How to cite this URL:
Kapoor A. Systemic therapy in patients with genitourinary cancers during the COVID-19 pandemic. Cancer Res Stat Treat [serial online] 2020 [cited 2020 Sep 18];3:354-6. Available from: http://www.crstonline.com/text.asp?2020/3/2/354/287229



We congratulate the authors on bringing out the various aspects of managing patients with genitourinary cancers in this COVID era.[1] The authors have discussed in detail about the present strategies being employed for all the major cancers in the uro-medical oncology outpatient department (OPD). We would like to highlight a few more points in this regard.

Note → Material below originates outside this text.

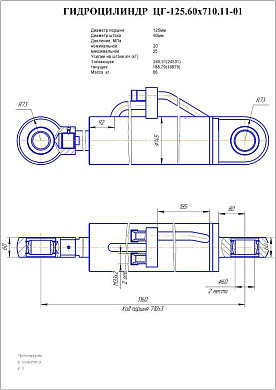 Гидроцилиндр ЦГ-125.60х710.11-01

Regimens with a longer interval (4-weekly nivolumab or 6-weekly pembrolizumab) are being used wherever feasible.[2] Nivolumab was already approved by the Food and Drug Administration (FDA) for a 4-weekly dose; the FDA has granted an accelerated approval to 6-weekly pembrolizumab at 400 mg across all indications in adult patients.[3] This latest approval has made life easier, for both the medical oncologists and the patients, by reducing the number of hospital visits and eliminating the need for transport and the resultant risk of exposure to the severe acute respiratory syndrome-coronavirus-2 (SARS-CoV-2). It should be noted that this approval was not based on the present scenario of the coronavirus disease 2019 (COVID-19), but on the previous scientific studies on the exposure–response evaluation of the 6-weekly pembrolizumab.[4],[5]

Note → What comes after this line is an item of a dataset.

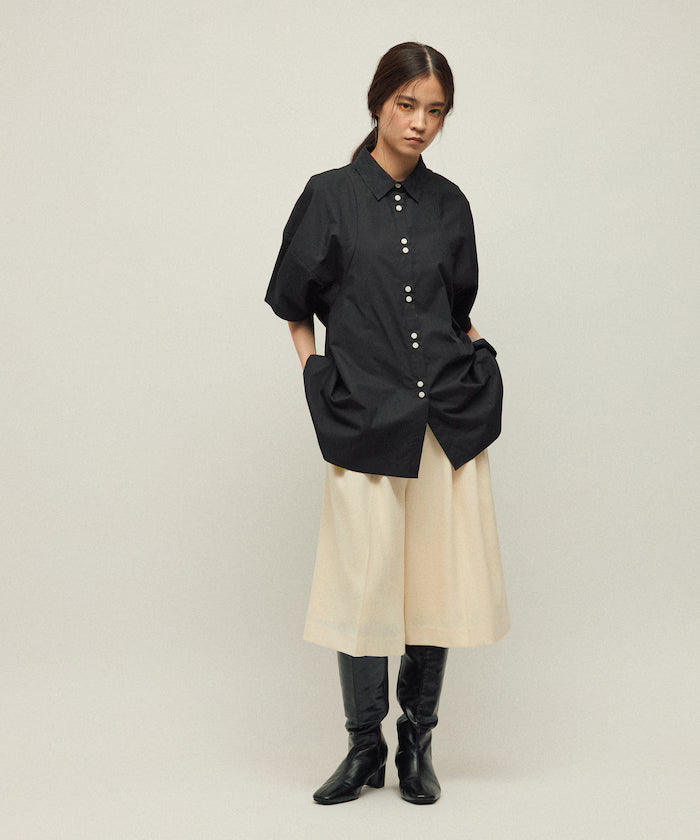 Switching Design Balloon Sleeve Shirt / 5-Minute Sleeve Blouse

Another important strategic shift has been the increased use of oral metronomic chemotherapies, wherever they are feasible, and there are some data of their efficacy. The most commonly used regimen in the urooncology OPD is the combination of oral cyclophosphamide and low-dose dexamethasone in metastatic castration-resistant prostate cancer (mCRPC). In an Indian study, the prostate-specific antigen response rate was 44% in patients with mCRPC who failed or were not fit for docetaxel and/or abiraterone.[6] We tend to use this regimen in patients who have previously received docetaxel and abiraterone and are not fit to receive third-line injectable chemotherapy and/or have financial constraints for other possible treatments.

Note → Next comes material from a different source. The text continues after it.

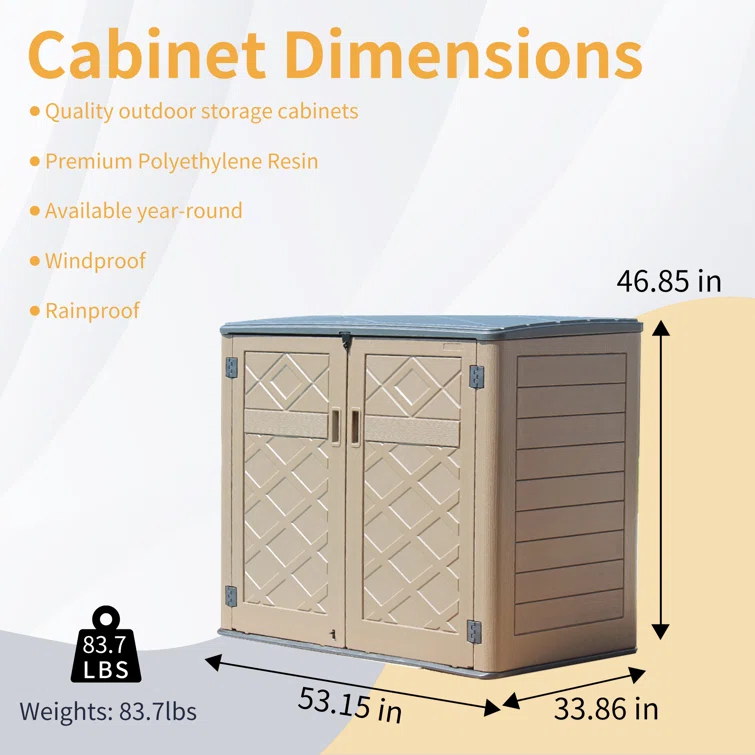 4 ft. W x 3 ft. D Metal Garbage Shed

In an attempt to reduce the number of hospital visits, there is a possibility of preferring abiraterone over docetaxel in the metastatic hormone-sensitive prostate cancer setting. This appears to be a more suitable option in the present scenario, when we additionally wish to avoid myelosuppression. It should be noted that both are approved in this setting, and there is no head-to-head comparison between the two.[7] Along the same lines, we are preferring 3-monthly or 6-monthly preparations over the monthly preparations of androgen deprivation therapy (ADT). An interesting study has been recently published online in the Annals of Oncology, in which Montopoli et al. reported that patients with prostate cancer from the region of Veneto in Italy receiving ADT appeared to be partially protected from SARS-CoV-2 infections (3.75-fold increased risk if not on ADT).[8] A greater difference was observed on comparing patients with prostate cancer receiving ADT to those with any other type of cancer (odds ratio, 5.17; 95% confidence interval, 2.02–13.40).[8] However, it should be noted that the results were not adjusted for potential confounding factors, such as age, body mass index, and comorbidities, that are strong risk factors for SARS-CoV-2; men on ADT may have been more likely to self-isolate and therefore be at a reduced risk of getting the infection.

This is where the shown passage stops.